Before the emergence of these fields, and even today, some writers tended, or tend, to ascribe wars of earlier periods to specific leaders, like Attila the Hun, Genghis Khan, or Louis xiv. Even if these men could have taken a different approach, they are seen as having decided instead, based on their backgrounds and the pressures they thought they faced, to put many thousands of human beings in harm’s way. As a matter of fact, some writers have praised them for their astuteness and success. A good example are the heroes of the Trojan War, Achilles and Ajax. Brutal killers feasting on gore dressed up in heroic verbiage.

As psychohistorians we know better. The same monstrous men stalk the planet today. They decide on making war because they deem it in their best interests. If in the past they were inspired by glory and reputation, today they seem inspired by having to win whatever argument they are in; always based on their own backgrounds, whisperers surrounding them, and perceived wrongs. Writers still accuse GB of having given in, not Hitler seeking war. Others deride capitalism of undermining Russia, not Putin aiming to destroy several other countries, namely Chechnya, Syria and Ukraine.

Of late, Putin’s turn to vicious warfare—we are talking about total warfare—stems from his “successes” in the Caucasus and Syria with this approach.  It is important not ignore that Syrian and Caucasus wars happened before the United States became involved in these brutal interventions.
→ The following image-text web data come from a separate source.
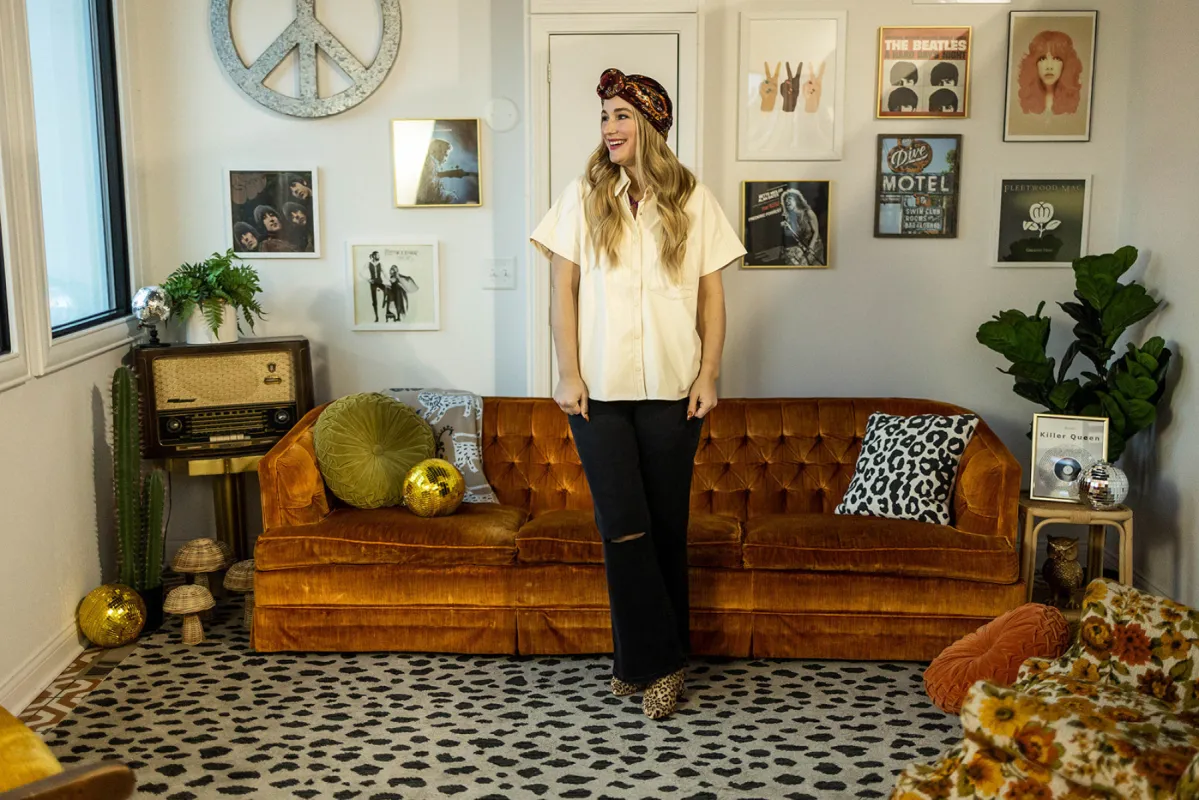 kenalynn short sleeve in cream sold by Ruumur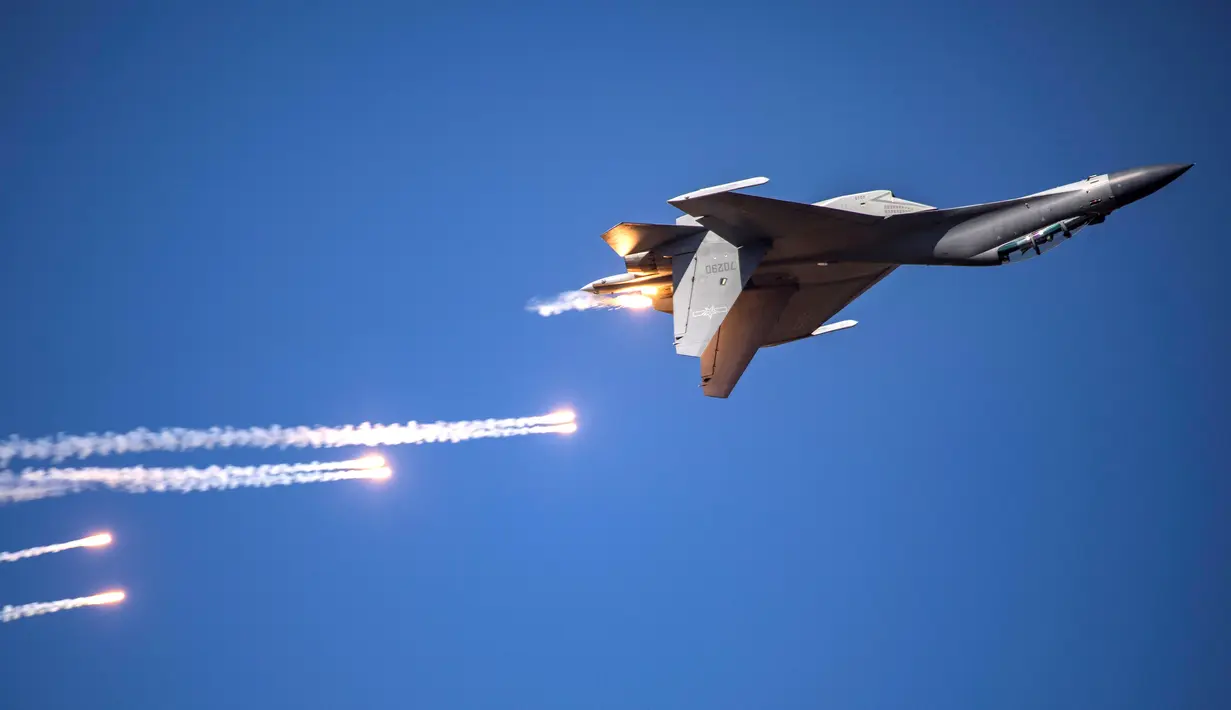 Sebuah jet tempur J-16 tampil dalam perayaan HUT ke-70 Angkatan Udara Tentara Pembebasan Rakyat di Changchun, Provinsi Jilin, Kamis (17/10/2019). Sebanyak 35 pesawat melakukan aerobatik dalam acara ini. (STR/AFP)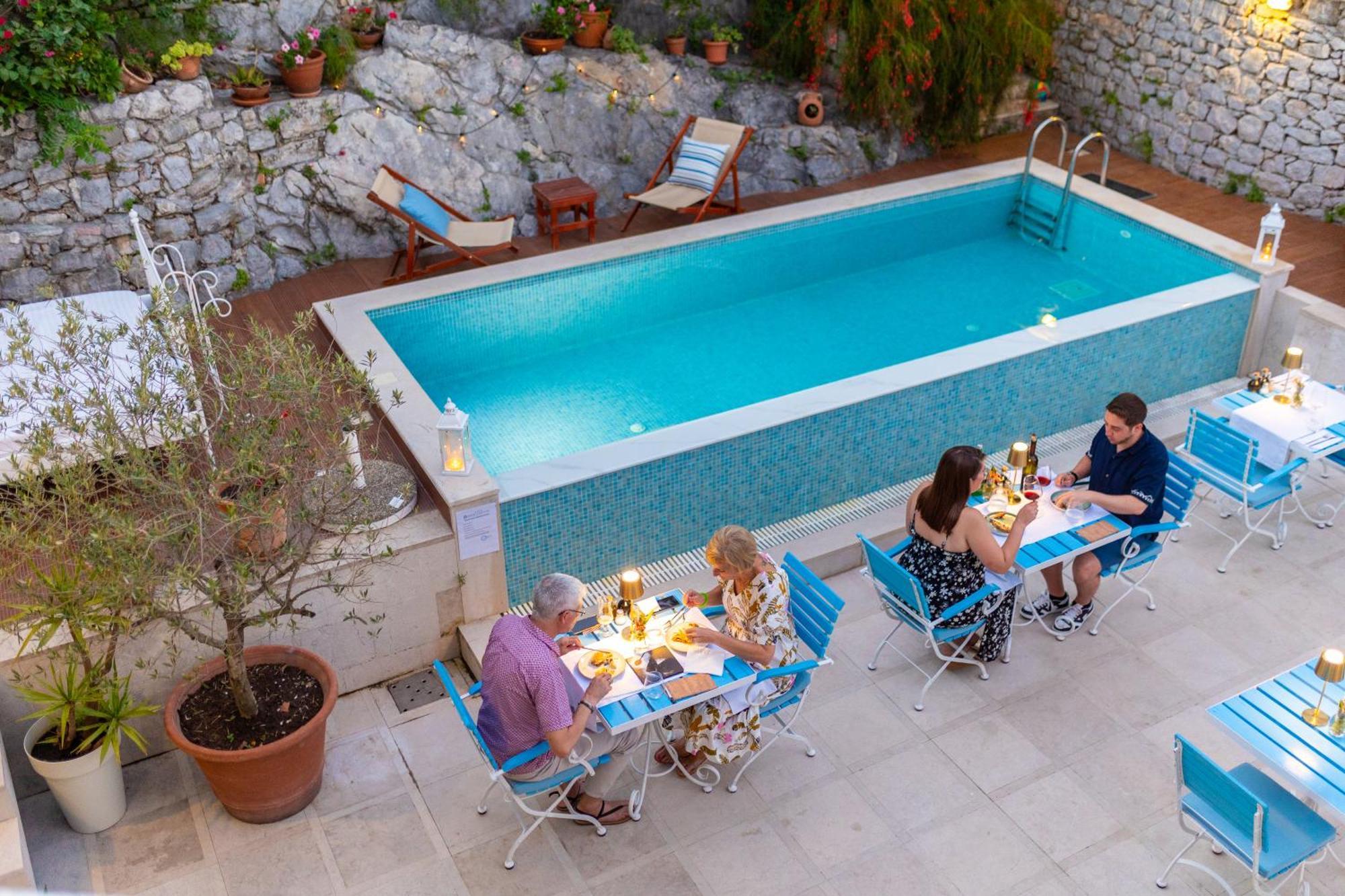 Boutique Hotel Capitano Herceg Novi Eksteriør billede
What did the Russian military do in Syria and what did they do in the Caucasus? They killed civilians and families, destroyed hospitals, apartment complexes, bridges, and infrastructure in general. This is what they are doing in Ukraine. Sadly, we know now, too, the Russian military doesn’t tell their own people how many soldiers they are losing or where they might find news about them (NYT, 2022). According to private conversations with top American officers, the military even brought along mobile crematoria, with which one assumes they hope to avoid critical news from the front spreading throughout society. That is, they have not forgotten their Afghanistan and its consequences for the then Soviet Union! Putin himself now is so desperate for success that he has taken over command and raised 320,000 men to send to the front…most of them untrained and poorly prepared for combat.
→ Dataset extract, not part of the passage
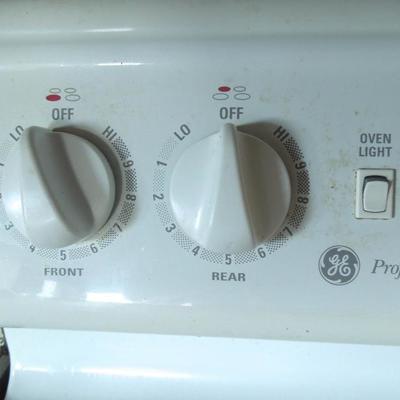 Lot 70 GE Profile Spectra Electric Range White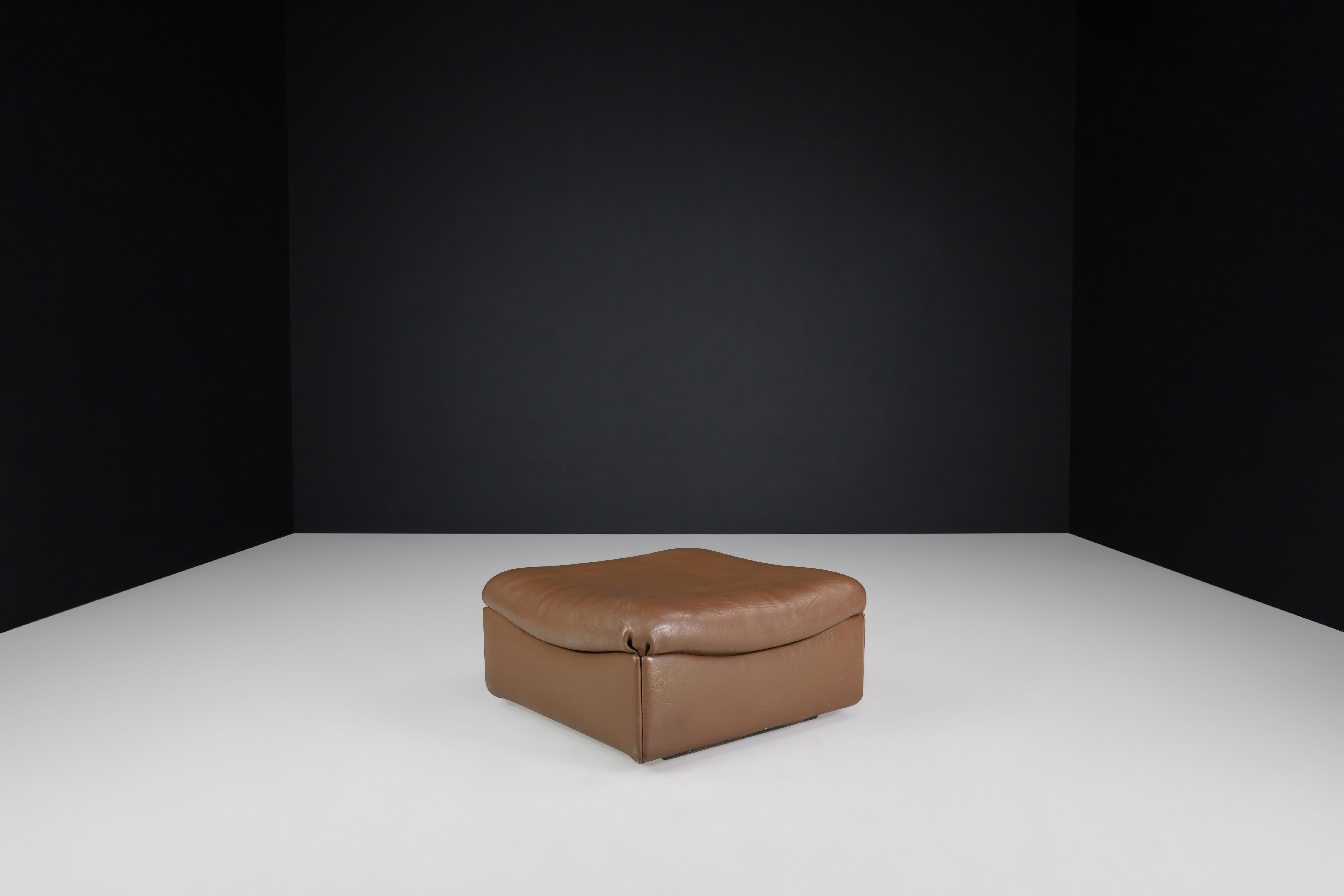 De Sede grande pouf in bufalo leather, Switzerland, 1970s.

This robust De Sede grande pouf ensures ultimate comfort and building quality with its solid wooden frame and thick handstitched bufalo leather upholstery. Nice original patina. Original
These policies are forcing a unique reckoning in Russia. So far, about 890,000 people have left Russia in two waves. The first after the attack in February and the second with Putin’s recent mobilization order. Some people have also migrated into Russia, especially from parts of eastern Ukraine. Most of the people who have left are highly trained individuals, mostly men, specialists in every field imaginable. As many as 50,000 IT specialists are said to have left Russia. My wife Joni and I heard them talking when we were still in Germany in April 2022, in cafes about their networking.

Of course, millions Ukrainians are leaving their homes and their country. These refugees are mostly women and children, and they are settling (temporarily?) all across different parts of Ukraine and Western Europe.

Now, the Ukrainian’s victories are reliant on Western weapons, repurposed equipment, and—very important—on internal lines of communication, force distribution, national enthusiasm, good generalship, and innovative approaches on the battlefield.  In the meantime though, Putin’s rocketeers are attempting to destroy Ukraine, just like they did in Syria and Chechnya.

It is hardly ever a good idea to engage in warfare.  Whether by Russia, the United States, or anyone else. Making peace is thus becoming increasingly important now as well, but American politicians are reluctant to appear weak in the face of aggression and support for Ukraine; so far neither Putin nor Zelensky also see no advantage in making peace.

References:

Beisel, David R. (2003). The Suicidal Embrace: Hitler, the Allies, and the Origins of the Second World War. Circumstantial Press.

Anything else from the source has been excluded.